While the line wins some laughs at the Capitol in Richmond, it also speaks to a lingering thought that the largely ceremonial job must be redefined.

But Lt. Gov. Bill Bolling showed during the General Assembly’s recently concluded session that there is more to the job than just gavel-wielding, delivering speeches and welcoming visitors to the Senate chamber.

“He made the most of a constitutionally limited role,” said J. Scott Leake, spokesman for Senate Republicans.

Mr. Bolling, elected in 2005, used the limited tools as Senate President to insert himself in emotional debates, cause headaches for Democrats and score points with both his conservative base.

“Clearly it was my most successful and productive session as lieutenant governor,” he said.

While Mr. Bolling — a Republican who is widely expected to run for governor next year — has yet to officially announce, history suggests the job is a stepping stone to the governor’s mansion.

His success could provide him some momentum in the expected matchup against Attorney General Robert F. McDonnell, who is also expected to run.

Mr. Bolling credits his performance to a combination of factors — most notably the shakeup of Republican leadership after moderates retired, his own maturation and a little luck.

It started in January after he used his bully pulpit to reach out to angry motorists, becoming the first statewide official to call for a repeal of the “abusive-driver fees” the state started imposing solely on Virginia drivers in the summer.

In February he cast his sole tie-breaking vote, supporting a ban against state funding for Planned Parenthood.

Although House and Senate budget negotiators later reinserted the language, the vote delivered a blow to the chamber’s new Democrat 21-19 majority and gave Mr. Bolling an opportunity to brandish his conservative credentials.

“We all knew how Bill would vote, but the fact that we got to a point where his vote matters was very significant,” said Sen. Kenneth T. Cuccinelli II, Fairfax Republican who introduced the amendment. “He still gets credit there because he had to beat Leslie Byrne [who ran against Mr. Bolling in 2005] to vote there and Leslie would not have voted that way. She would have written an additional check herself to pile onto Planned Parenthood.”

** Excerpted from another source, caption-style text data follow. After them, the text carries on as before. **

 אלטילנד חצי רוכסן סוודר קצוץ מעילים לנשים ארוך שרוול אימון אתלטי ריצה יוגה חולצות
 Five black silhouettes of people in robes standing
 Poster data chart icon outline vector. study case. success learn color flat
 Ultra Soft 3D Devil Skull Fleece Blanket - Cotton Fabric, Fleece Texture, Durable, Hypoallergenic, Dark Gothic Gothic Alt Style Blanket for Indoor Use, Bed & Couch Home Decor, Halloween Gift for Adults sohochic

Mr. Bolling also ruled on parliamentary procedure, saying lawmakers had habitually violated the state constitution by failing to win the constitutionally required supermajority vote needed to divert lottery proceeds from going directly to local education.

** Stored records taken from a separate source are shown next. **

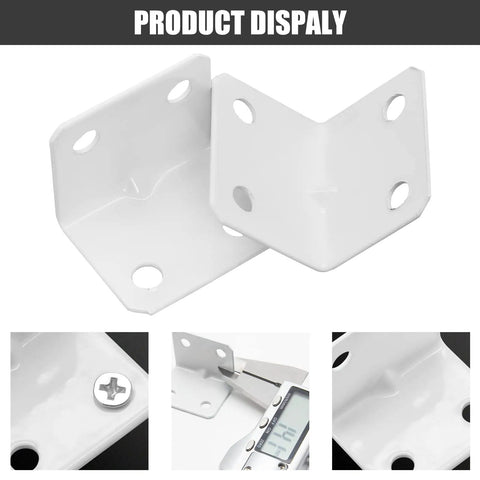 12 Pack White Powder Coated Steel L Corner Braces With Phillips Screws, showing detailed right angle joinery plates.
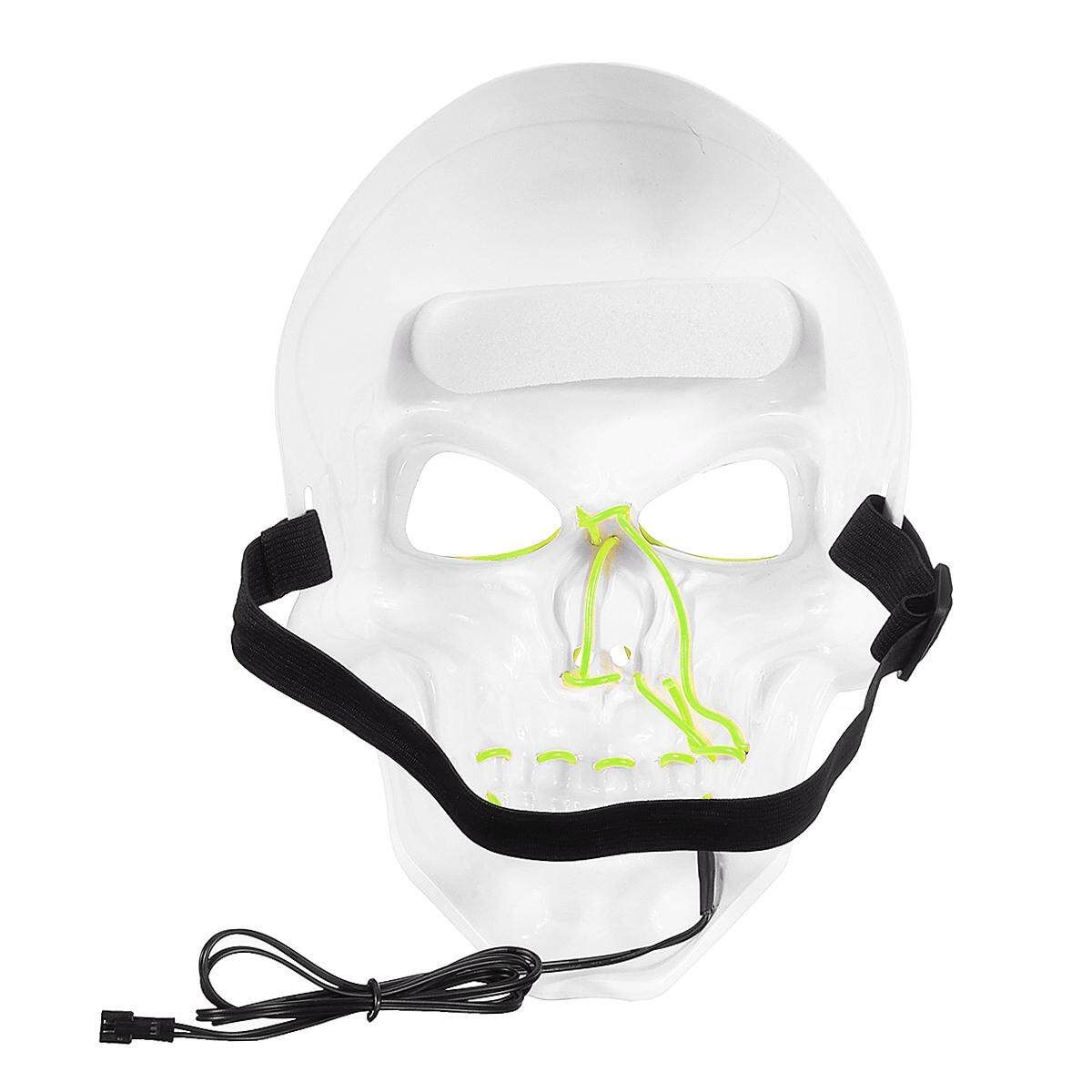 Halloween LED Light Skull Head Face Masks Carnival Night Cosplay Costume Props Fluorescent Green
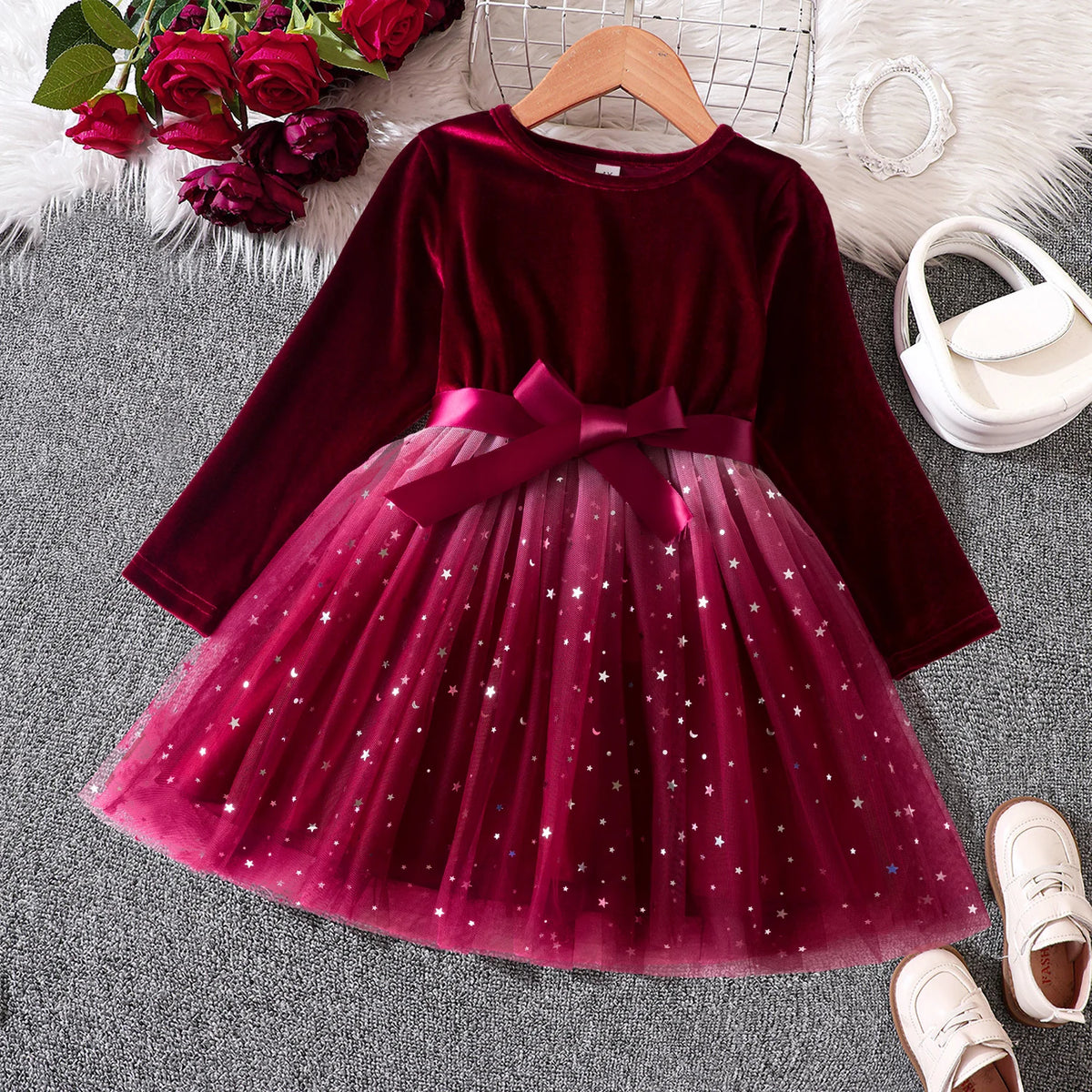 Girls Dress Autumn Winter Long Sleeve Bow Sequin Princess Dress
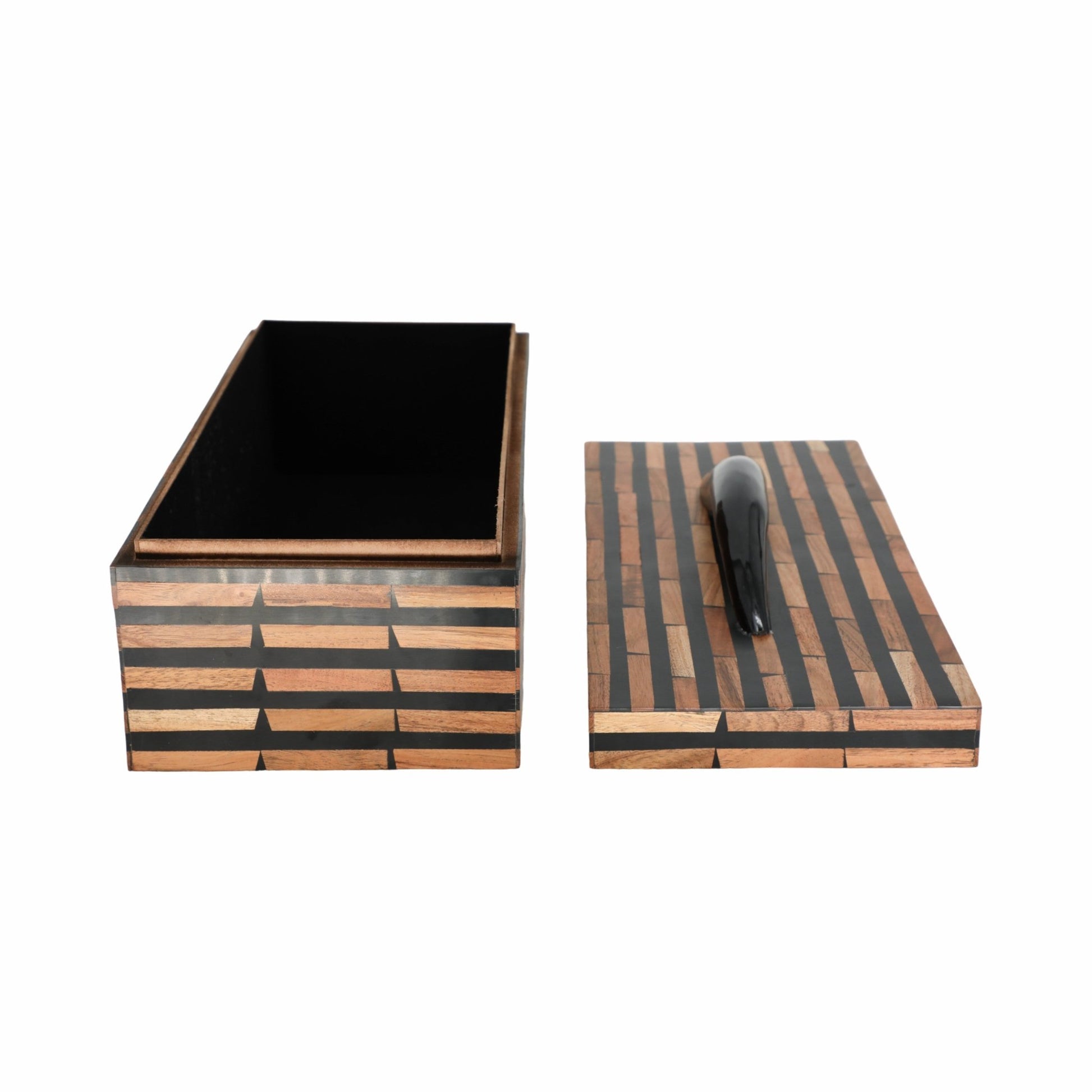 17" Madine Horn Rectangular Resin Box Table Decors| Sagebrook Home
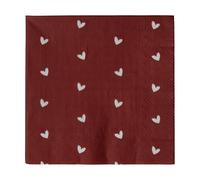 DBKD Serviette en papier Heart 33x33 cm. 20 pièces Dark red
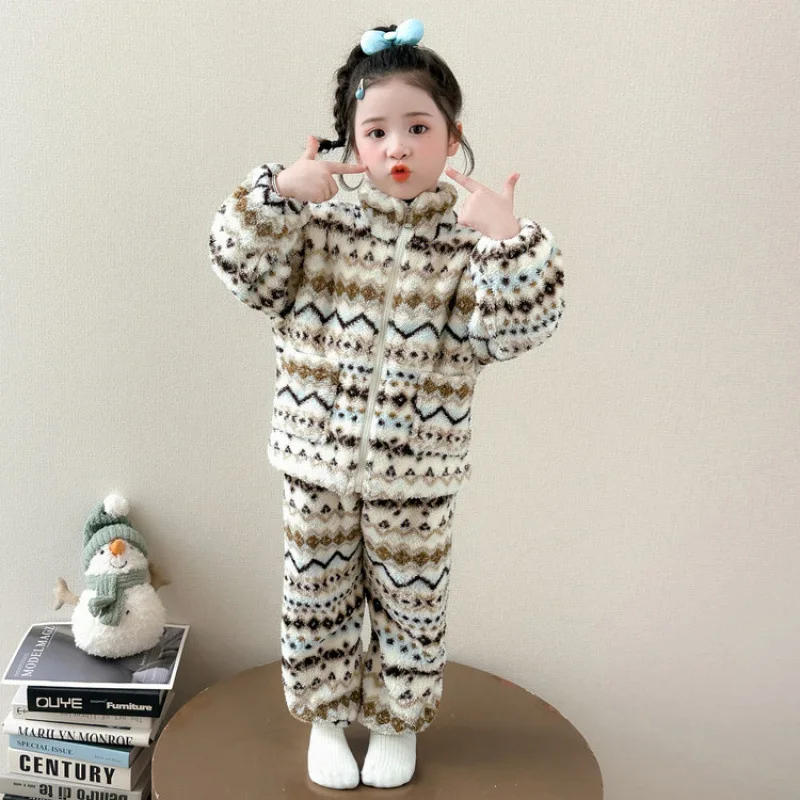 Girls Toddler Fall Winter Vintage Pattern Plush Skin Friendly Stand Collar Pajamas Sleep Pants 2026 Kids Fashion Warm Loungewear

“It comes down to a basic principle of honesty,” Mr. Bolling said.

For years, budget writers had diverted the money into the General Fund. Democrats overruled his decision, but Mr. Bolling’s ruling was affirmed by the state’s attorney general,

“He really cast a bright light on that practice, which I gather some have been giving a wink and a nod to for eight years,” said Sen. Mark D. Obenshain, Rappahannock Republican.

Sen. Stephen D. Newman, chairman of the Republican caucus from Lynchburg, called Mr. Bolling “one of the better policy wonks in Richmond” and said he is considering supporting legislation that would provide the lieutenant governor with additional powers.

“I personally believe someone of Bill’s immense capabilities should be used more,” he said.